Thousands of US newspapers use AP style guide, so...

  • Since the original discussion on AP style guide's decision to switch to Kyiv has been archived before I had a chance to add additional information about its impact on US media landscape, I'm adding it here. As a reminder The AP's style rules are the default for many newsrooms and (...) is one of the most prominent English-language style and usage guides created by American journalists and is used by thousands of US national and local newspapers (this, e.g. AP Stylebook, was also mentioned numerous times in the past on this thread as a supporting claim FOR using the "Kiev [sic]" spelling in enwiki, for example on October 14, 2007 by User:Horlo and numerous other occations, search archive for more instances). For example in recent years such prominent English-language media had this warning in their Ukraine-related articles that they use AP Styleguide to spell Ukrainian capital:
    • NPR (which in itself is a collection of like 1,000+ local news media outlets): Note that NPR follows AP style.
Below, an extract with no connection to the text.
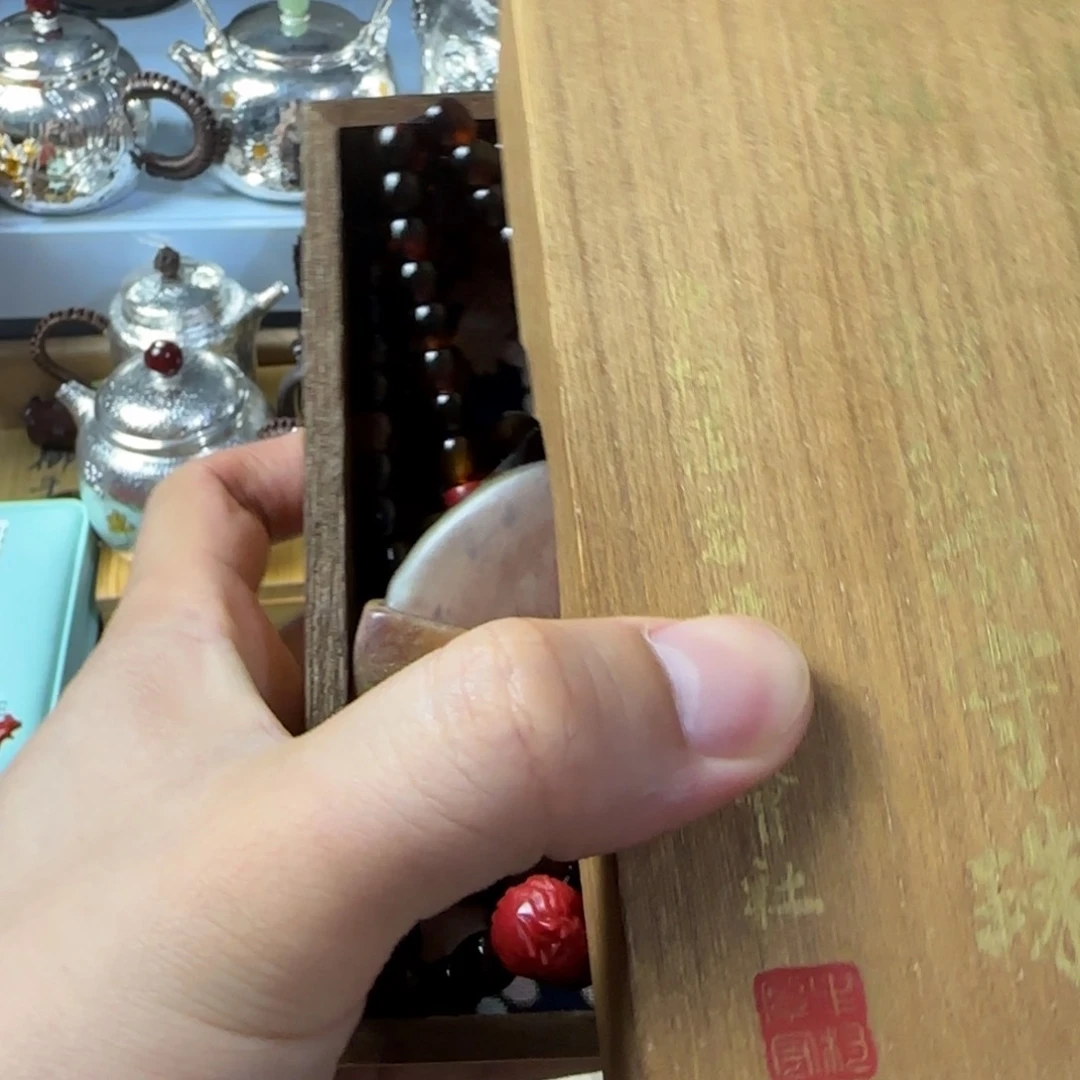 茶宠放漏场，全都漏，，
That's why we're using "Kiev" instead of "Kyiv" in this post. (picture version)
    • Bloomberg News (the editor-in-chief John Micklethwait recently clarified that spelling of cities is not part of their Style Guidebook "The Bloomberg Way" and that in these instances they just follow AP Style book; e.g., now Bloomberg News uses Kyiv spelling per AP Styleguide; this was previously also confirmed by the Writing standards Editor for Americas Jennifer Sondag in 2017, quote Sondag said there’s more flexibility and that Bloomberg will often default to AP Style if there isn’t a specific rule outlined in “The Bloomberg Way.”)

@Roman Spinner: asking for your advice, as one of the more academic scholarly voices on English Wikipedia when it comes to Ukraine-related topics.--Piznajko (talk) 20:08, 20 September 2019 (UTC)[reply]
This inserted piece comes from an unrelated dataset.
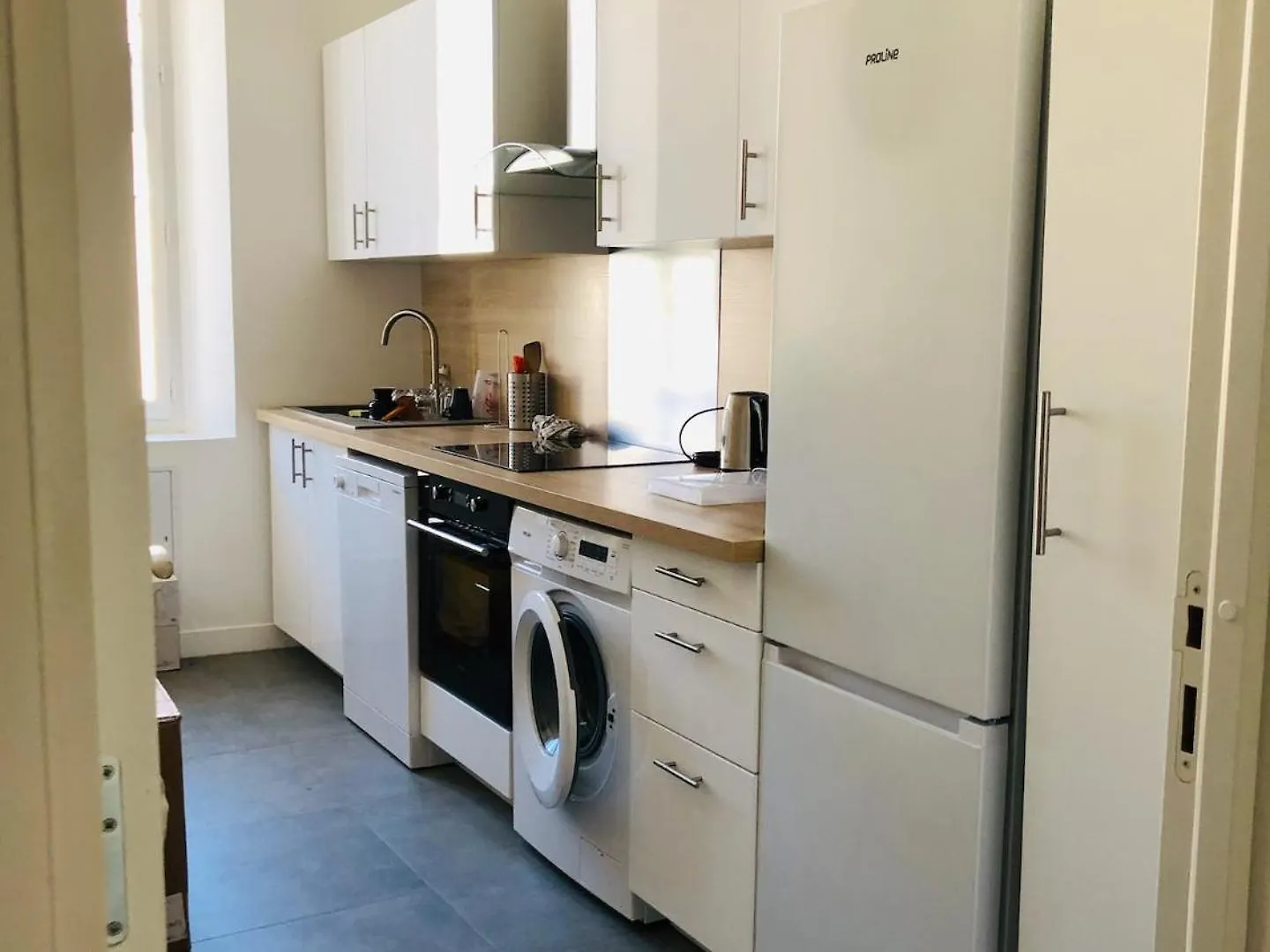 Apartment Le Contemporain - Golfe Juan - 5 Min Des Plages - 10 Min De Cannes! Vallauris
Your own source says that it "is one of", not "it is the only". A significant change, but not the slam dunk you want it to be. Searches still show an average of 2:1 usage in favor of Kiev in news stories with many of the Kyiv uses coming from Ukrainian based sources like Kyiv Post, Unian, and Ukrinform. --Khajidha (talk) 20:47, 20 September 2019 (UTC)[reply]
It's not about some random comment that "papers use the AP Style Guide". Prove it. Show that Anglosphere news media (which doesn't include Ukrainian news outlets that cater to English speakers) have switched to "Kyiv" and that English speakers have switched their searches to "Kyiv" over "Kiev". Your assertions and assumptions are meaningless. Only facts on the ground count. --Taivo (talk) 22:40, 20 September 2019 (UTC)[reply]
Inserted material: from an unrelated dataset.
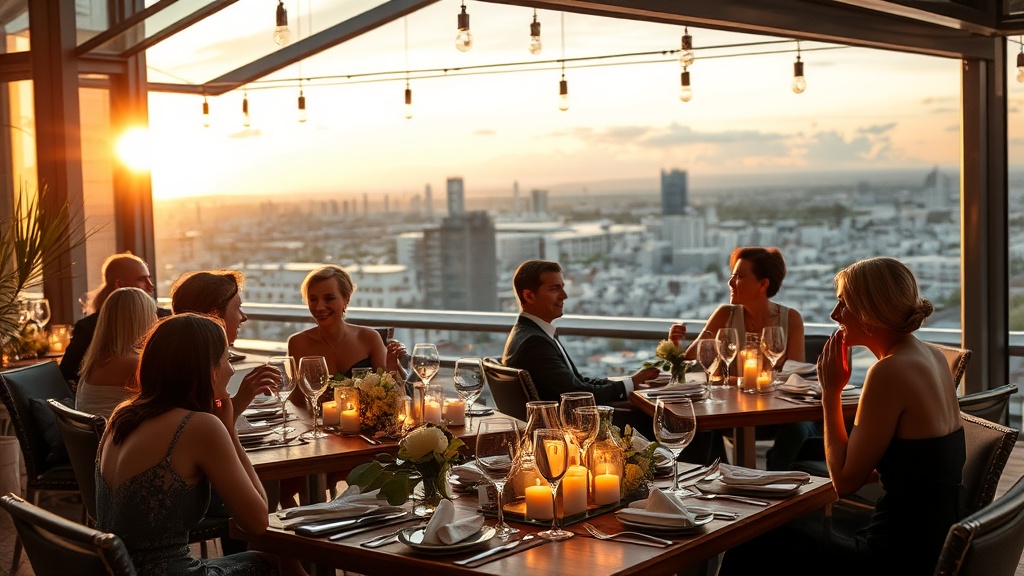 Comece pelo propósito da celebração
@Piznajko: It is all a matter of time — and consensus. Major world cities Mumbai and Kolkata are not a part of Western culture in the same manner as Kyiv, but have been equally ingrained in the English-speaking world's consciousness due to their contribution to the legend and lore of the British Raj. Although Indian government's announcements of the revision of Bombay and Calcutta's English transliteration came in the late 1990s and early 2000s, after Ukrainian government's announcements regarding the English transliteration of Kyiv and Odesa, there was less opposition to the change of Indian names and the AP Stylebook took less time to revise its listing of those names. Now, finally, AP has taken the leap, at least for Kyiv, and all the other stylebooks are expected to follow — sooner rather than later — as the stylebooks followed regarding the Indian names — and as Wikipedia followed. —Roman Spinner (talkcontribs) 23:22, 20 September 2019 (UTC)[reply]

I am in agreement with User:Roman Spinner. Wikipedia is not proactive, but reactive. We don't predict the future or drive opinion, we simply reflect changes after they happen, not before. Kiev might soon change to Kiev in English. Odessa, on the other hand, will probably never change because of the many placenames in the Anglosphere that are spelled Odessa and will not change. --Taivo (talk) 00:19, 21 September 2019 (UTC)[reply]
Wait... there is now an issue with Odessa? Fyunck(click) (talk) 01:19, 21 September 2019 (UTC)[reply]
Freudian slip Kiev [sic] might soon change to Kiev [sic] in English.--Piznajko (talk) 01:17, 21 September 2019 (UTC)[reply]
I'd say it was just proof that for most English speakers "Kiev" is the normal name. It takes effort for us to even type "Kyiv" in these discussions. "Kiev", however, flows readily. Showing that it is not a "transliteration" or a "Russian name" but a true English exonym. --Khajidha (talk) 01:55, 21 September 2019 (UTC)[reply]
I think everyone live in his or her own "bubble" (which also includes "linguistic bubble"), cause I'm also a native speaker of English and Kyiv is as natural to me as 4am tweets are to Trump.--Piznajko (talk) 05:58, 21 September 2019 (UTC)[reply]
And your Ukrainian username clearly shows that you are of Ukrainian ancestry ;) --Taivo (talk) 07:27, 21 September 2019 (UTC)[reply]
Since this discussion is about Kyiv and not about Odesa, I will only comment that in the English-speaking world, the numerous places bearing the name "Odessa" or, for that matter, Kief, North Dakota; Danzig, North Dakota; Breslau, Texas or Konigsberg, California, were named over a hundred years ago, before World War I or the Russian Revolution and before standardization of transliteration and the widespread introduction of stylebooks. Thus, the multiple Odessa place names in the English-speaking world have no more influence upon Ukraine's Odesa than St. Petersburg, Florida has upon Saint Petersburg. —Roman Spinner (talkcontribs) 19:13, 21 September 2019 (UTC)[reply]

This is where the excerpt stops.